In dieser kleinen Serie schaue ich mir das so ziemlich simpelste physikalische Phänomen an, das es gibt: Ein Teilchen (z.B. ein Elektron) fliegt von A nach B.Im letzten Teil haben wir uns angeschaut, wie man das Verhalten des Teilchens in der Quantenmechanik (QM) beschreibt: Das Teilchen hat eine Aufenthaltswahrscheinlichkeit, die bei einer Messung am Detektor A dort lokalisiert ist und dann zerläuft. Wir haben auch gesehen, wie diese Beschreibung und die der klassischen Physik ineinander übergehen: Wenn das Teilchen hinreichend schwer ist, dann zerläuft seine Aufenthaltswahrscheinlichkeitsfunktion (tolles Wort, oder?) nur vergleichsweise langsam und sie bewegt sich ähnlich wie ein klassisches Teilchen.

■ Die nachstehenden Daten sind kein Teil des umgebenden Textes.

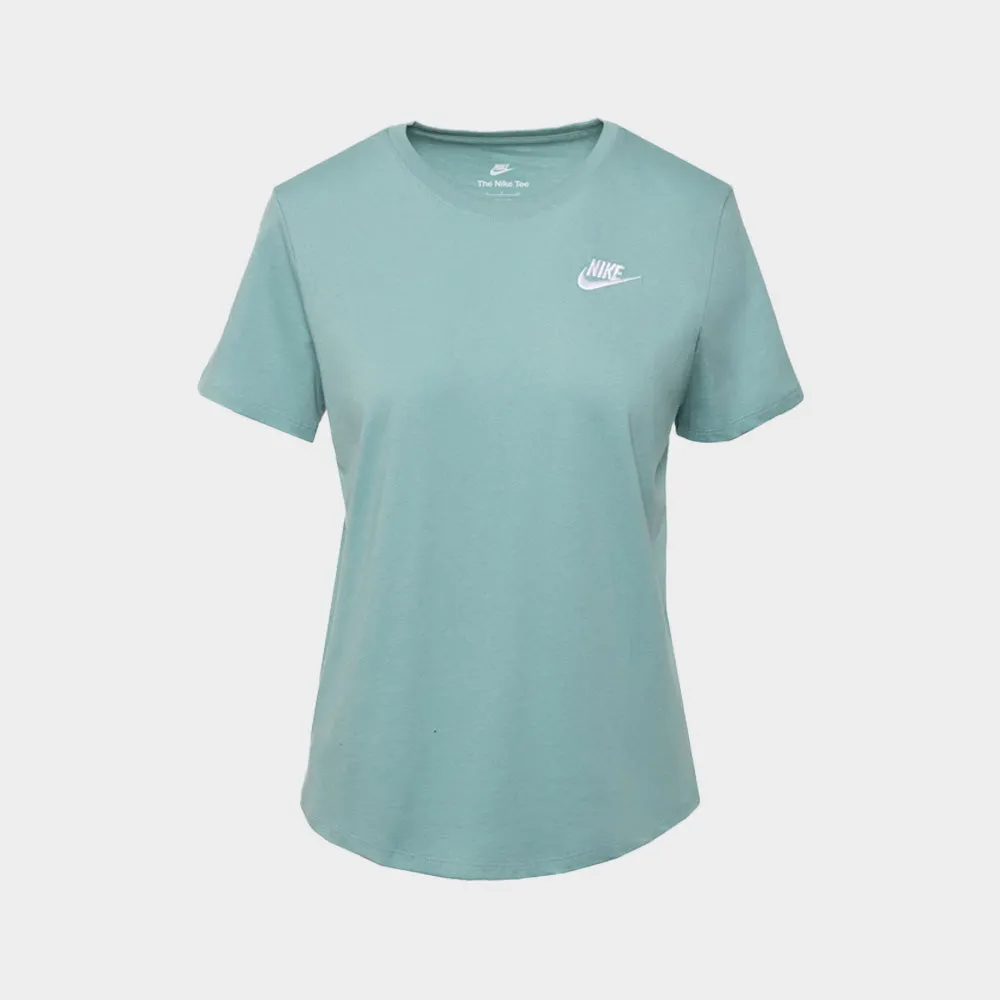 Nike Womens Sportswear Club Essentials Tee Green HypoallergenicTextile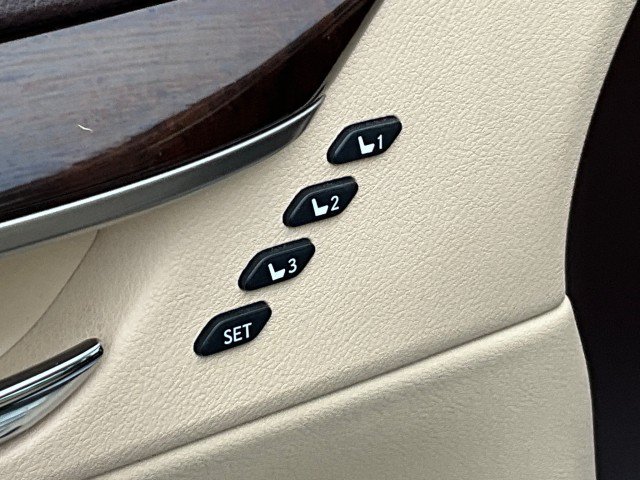 Used 2018 Lexus ES 350 w/ Luxury Package w/Wood Trim FWD image 31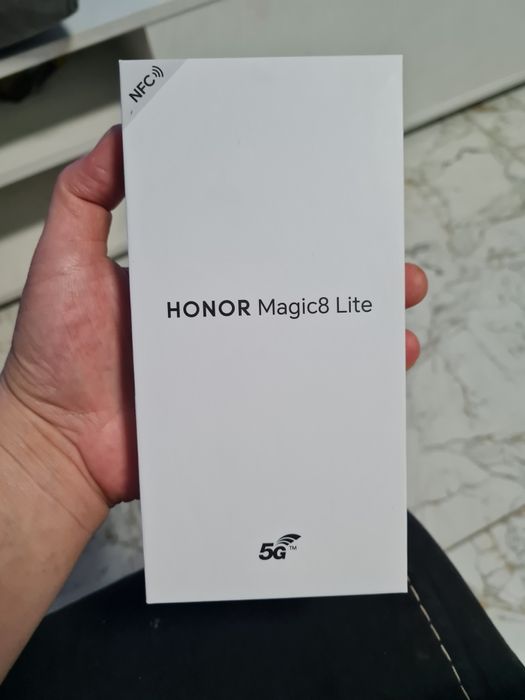 Honor magic 8 чисто нов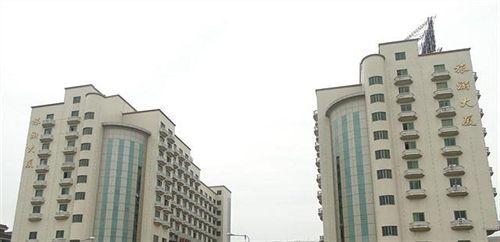 Дунъян: Tourism Hotel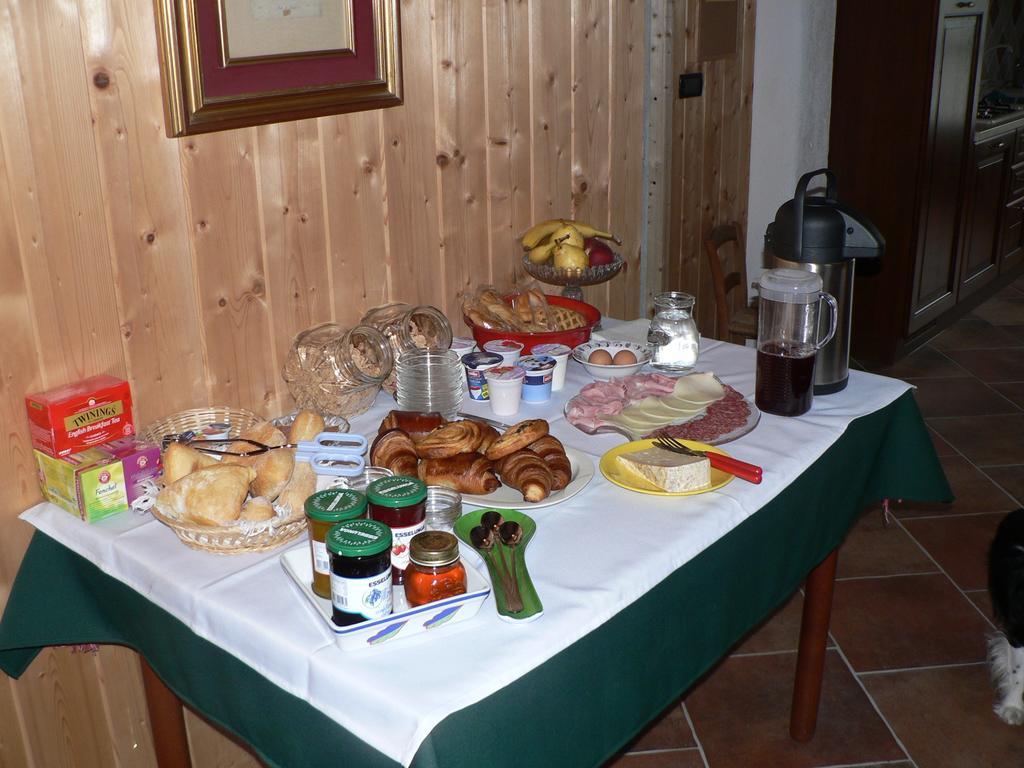 La Via Del Sole Bed and Breakfast Susa Εξωτερικό φωτογραφία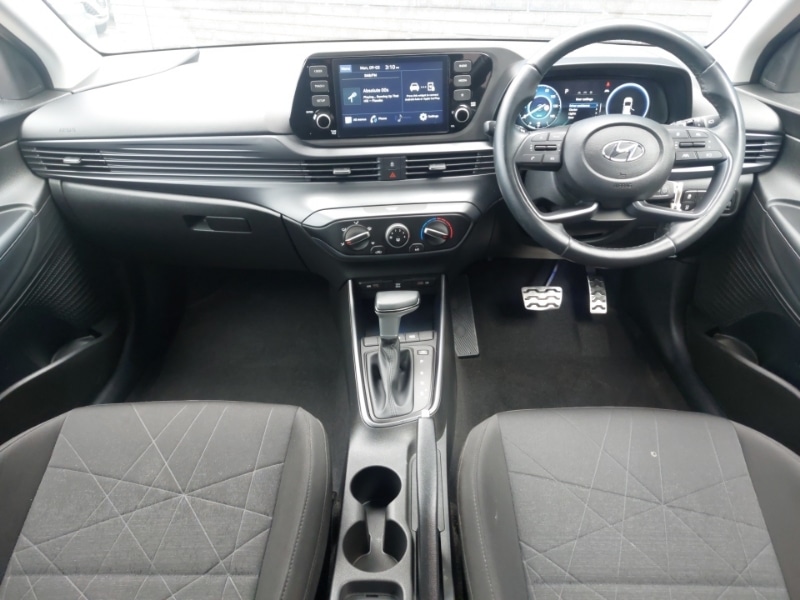 Used Hyundai BAYON 2023 for sale - 77815602: Photo 2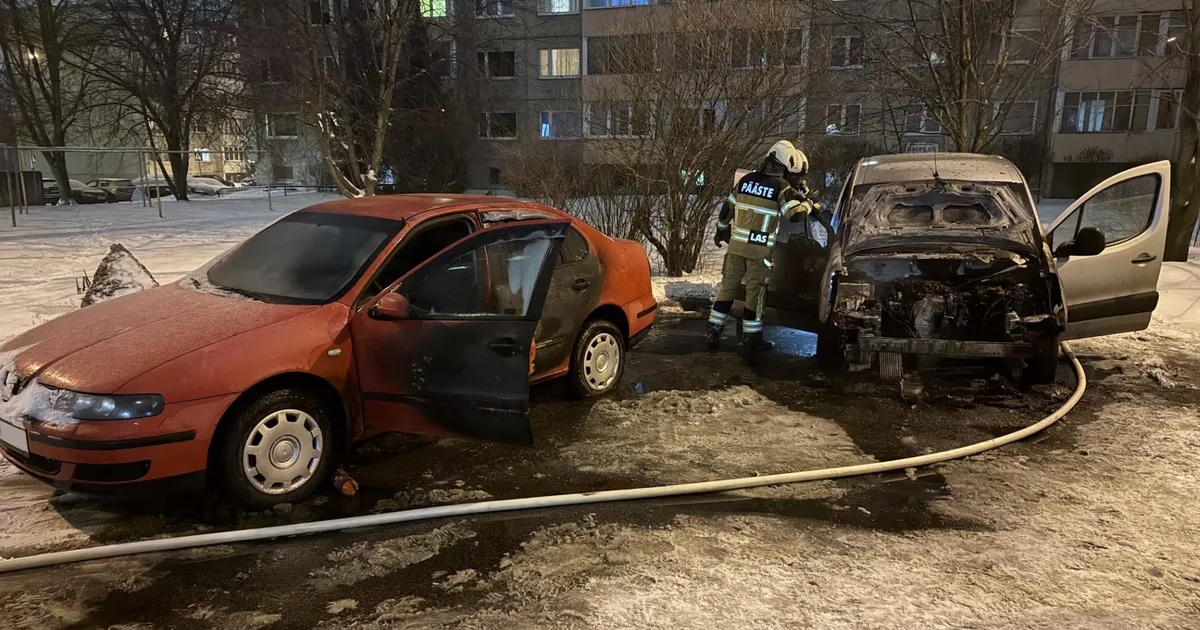 Lasnamäel süttis auto, kahjustusi sai ka kõrvale pargitud sõiduk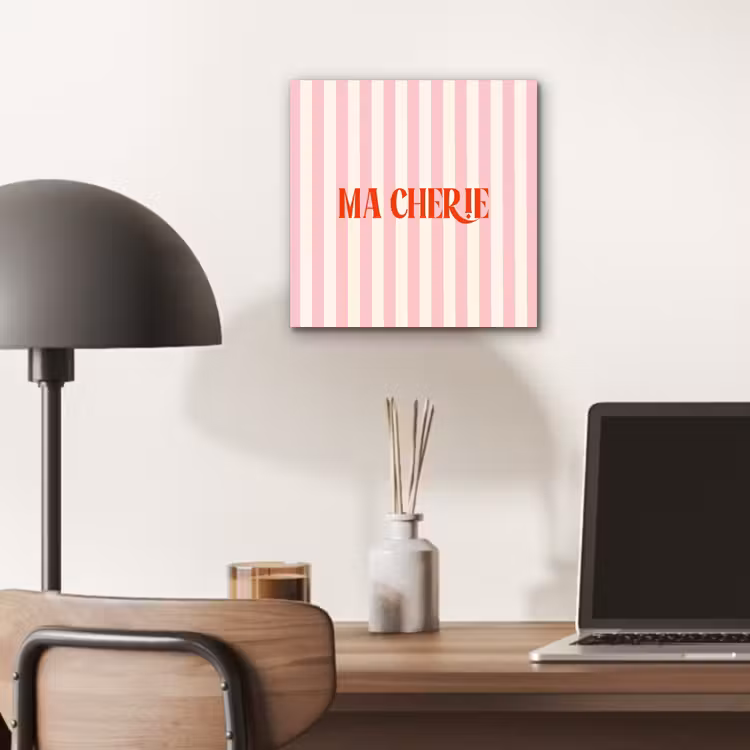 Zachtroze - Rood - Strepen - Ma Cherie aluminium wit klein -sfeer5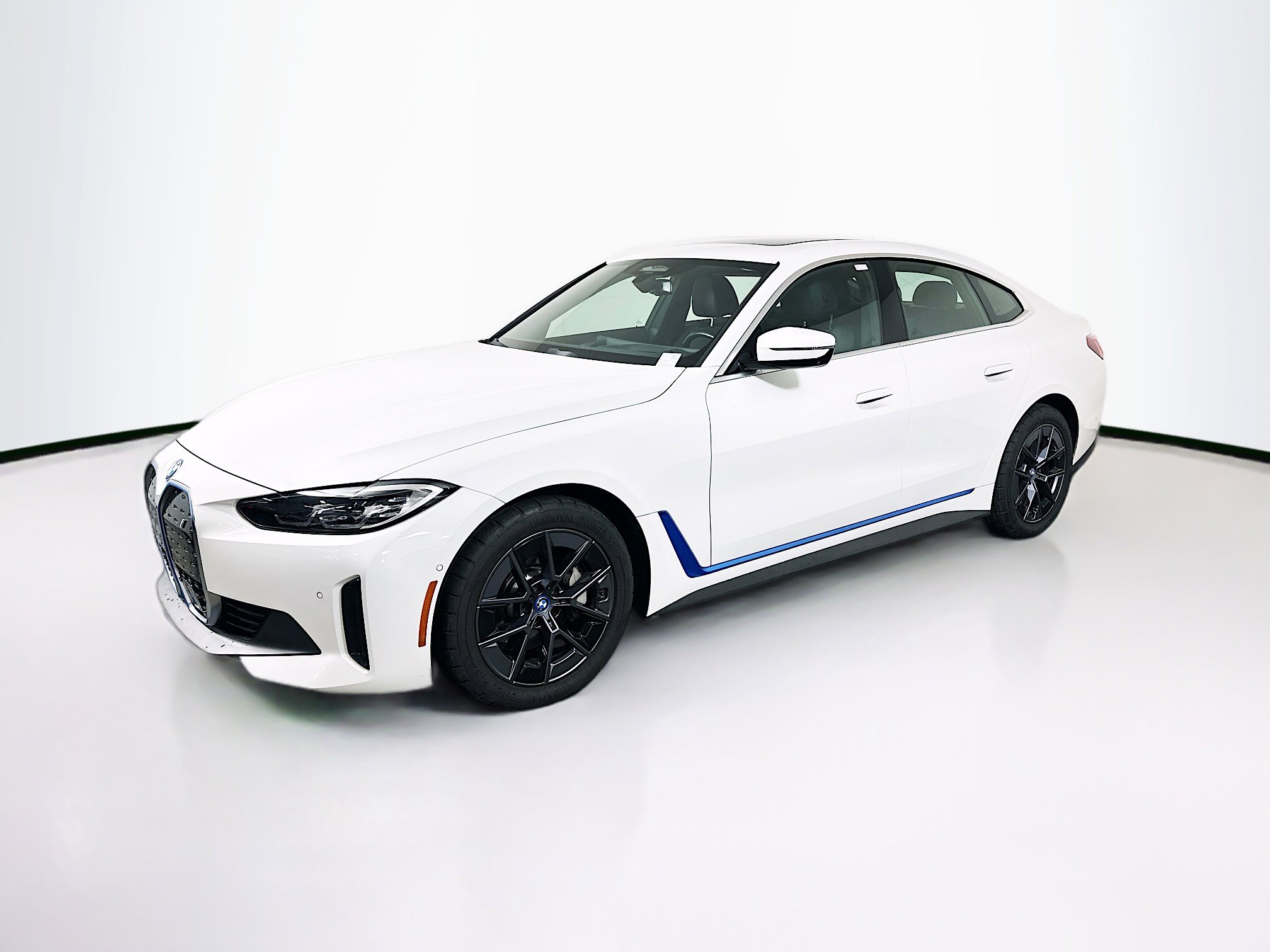 Used 2024 BMW i4 eDrive40 RWD image 3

Es gibt aber noch eine ganz andere Sichtweise der Dinge – sie ist mathematisch äquivalent zur Beschreibung mit Aufenthaltswahrscheinlichkeiten, ist aber konzeptionell ganz anders gestrickt. Das ist das so genannte “Pfadintegral”.
Um das zu verstehen, müsst ihr noch einmal an den ersten Teil der Serie zurückdenken. Dort haben wir gesehen, dass man in der klassischen Physik das Prinzip der kleinsten Wirkung verwenden kann, um den Weg des Teilchens von A nach B zu beschreiben: Man betrachtet alle denkbaren Wege von A nach B
Der Weg, den das Teilchen tatsächlich geht, ist der mit der minimalen Wirkung. “Wirkung” ist dabei nicht das, was man sich im Alltag darunter vorstellt (der Weg der minimalen Wirkung ist nicht der, bei dem das Teilchen wenig “bewirkt” oder so), sondern einfach ein physikalischer Fachausdruck für eine bestimmte Größe. In unserem einfachen Fall eines Teilchens, das kräftefrei unterwegs ist, ist die Wirkung die Summe über die kinetische Energie zu jedem Zeitpunkt. Mathematisch genauer spricht man vom Integral über die Wirkung (Nachtrag: wie Kommentator Bjoern richtig bemerkt, stimmt das nicht wirklich, es sollte eher Integral über die kinetische Energie oder allgemein über die Lagrangefunktion heißen, aber ich bin hier etwas schludrig) – aber ihr könnt euch einfach vorstellen, dass ihr zu jeder Mikrosekunde einmal die kinetische Energie des teilchens messt und diese ganzen Energien addiert (und am Ende passend normiert, indem ihr durch die Zahl der Messungen teilt, damit immer etwa dasselbe rauskommt, egal ob ihr jede Mikrosekunde oder alle zwei Mikrosekunden messt).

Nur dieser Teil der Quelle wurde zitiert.